For the entries that follow, restate word for word the line containing "VirtualRig Studio ProV2.2", the line containing "社区全年工作总结简洁 社区全年工作总结实用(十四篇)", and every line that lies between them.

Start of EXERCISE INPUTS

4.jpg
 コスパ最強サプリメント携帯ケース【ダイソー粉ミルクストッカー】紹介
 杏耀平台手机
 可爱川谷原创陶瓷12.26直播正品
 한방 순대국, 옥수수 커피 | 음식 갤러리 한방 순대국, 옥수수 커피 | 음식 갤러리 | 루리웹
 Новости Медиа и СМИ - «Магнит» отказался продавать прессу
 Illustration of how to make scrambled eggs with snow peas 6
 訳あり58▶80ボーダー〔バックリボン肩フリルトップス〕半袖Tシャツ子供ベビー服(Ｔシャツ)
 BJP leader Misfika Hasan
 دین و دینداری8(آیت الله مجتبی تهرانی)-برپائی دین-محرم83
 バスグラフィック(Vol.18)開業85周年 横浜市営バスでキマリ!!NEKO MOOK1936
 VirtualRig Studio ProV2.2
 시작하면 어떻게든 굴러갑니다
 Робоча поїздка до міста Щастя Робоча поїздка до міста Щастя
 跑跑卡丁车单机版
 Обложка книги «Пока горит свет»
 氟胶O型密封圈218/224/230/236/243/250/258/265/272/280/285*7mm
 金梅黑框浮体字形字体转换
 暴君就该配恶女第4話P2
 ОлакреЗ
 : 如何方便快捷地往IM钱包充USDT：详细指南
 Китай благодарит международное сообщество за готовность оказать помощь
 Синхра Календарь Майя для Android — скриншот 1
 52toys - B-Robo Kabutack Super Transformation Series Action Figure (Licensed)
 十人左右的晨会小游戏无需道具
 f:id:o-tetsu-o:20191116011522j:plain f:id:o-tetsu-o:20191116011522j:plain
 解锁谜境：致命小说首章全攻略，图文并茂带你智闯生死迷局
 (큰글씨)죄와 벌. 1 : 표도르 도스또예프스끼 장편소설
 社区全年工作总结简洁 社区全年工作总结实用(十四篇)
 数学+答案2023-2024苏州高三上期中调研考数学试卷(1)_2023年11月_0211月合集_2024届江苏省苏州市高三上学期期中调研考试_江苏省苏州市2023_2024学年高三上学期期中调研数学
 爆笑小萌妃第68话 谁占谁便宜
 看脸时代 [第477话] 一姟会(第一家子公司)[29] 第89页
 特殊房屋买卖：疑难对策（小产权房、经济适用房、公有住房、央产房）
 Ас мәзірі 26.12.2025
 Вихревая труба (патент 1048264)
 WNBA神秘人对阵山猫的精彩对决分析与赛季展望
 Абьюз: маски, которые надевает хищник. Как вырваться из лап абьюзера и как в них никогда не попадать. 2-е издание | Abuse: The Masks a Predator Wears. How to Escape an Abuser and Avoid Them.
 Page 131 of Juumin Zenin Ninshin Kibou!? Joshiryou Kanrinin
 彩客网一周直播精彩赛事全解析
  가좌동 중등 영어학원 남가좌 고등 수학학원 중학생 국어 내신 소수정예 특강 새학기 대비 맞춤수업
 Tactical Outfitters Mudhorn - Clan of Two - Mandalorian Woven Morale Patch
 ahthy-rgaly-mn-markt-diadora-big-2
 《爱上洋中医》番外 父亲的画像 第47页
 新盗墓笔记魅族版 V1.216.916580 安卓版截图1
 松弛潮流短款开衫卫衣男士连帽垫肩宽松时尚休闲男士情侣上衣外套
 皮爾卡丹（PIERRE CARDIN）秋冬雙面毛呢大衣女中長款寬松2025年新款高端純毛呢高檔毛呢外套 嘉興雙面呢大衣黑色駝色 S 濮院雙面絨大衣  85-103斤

End of EXERCISE INPUTS

REPLY TO THE TASK:
 VirtualRig Studio ProV2.2
 시작하면 어떻게든 굴러갑니다
 Робоча поїздка до міста Щастя Робоча поїздка до міста Щастя
 跑跑卡丁车单机版
 Обложка книги «Пока горит свет»
 氟胶O型密封圈218/224/230/236/243/250/258/265/272/280/285*7mm
 金梅黑框浮体字形字体转换
 暴君就该配恶女第4話P2
 ОлакреЗ
 : 如何方便快捷地往IM钱包充USDT：详细指南
 Китай благодарит международное сообщество за готовность оказать помощь
 Синхра Календарь Майя для Android — скриншот 1
 52toys - B-Robo Kabutack Super Transformation Series Action Figure (Licensed)
 十人左右的晨会小游戏无需道具
 f:id:o-tetsu-o:20191116011522j:plain f:id:o-tetsu-o:20191116011522j:plain
 解锁谜境：致命小说首章全攻略，图文并茂带你智闯生死迷局
 (큰글씨)죄와 벌. 1 : 표도르 도스또예프스끼 장편소설
 社区全年工作总结简洁 社区全年工作总结实用(十四篇)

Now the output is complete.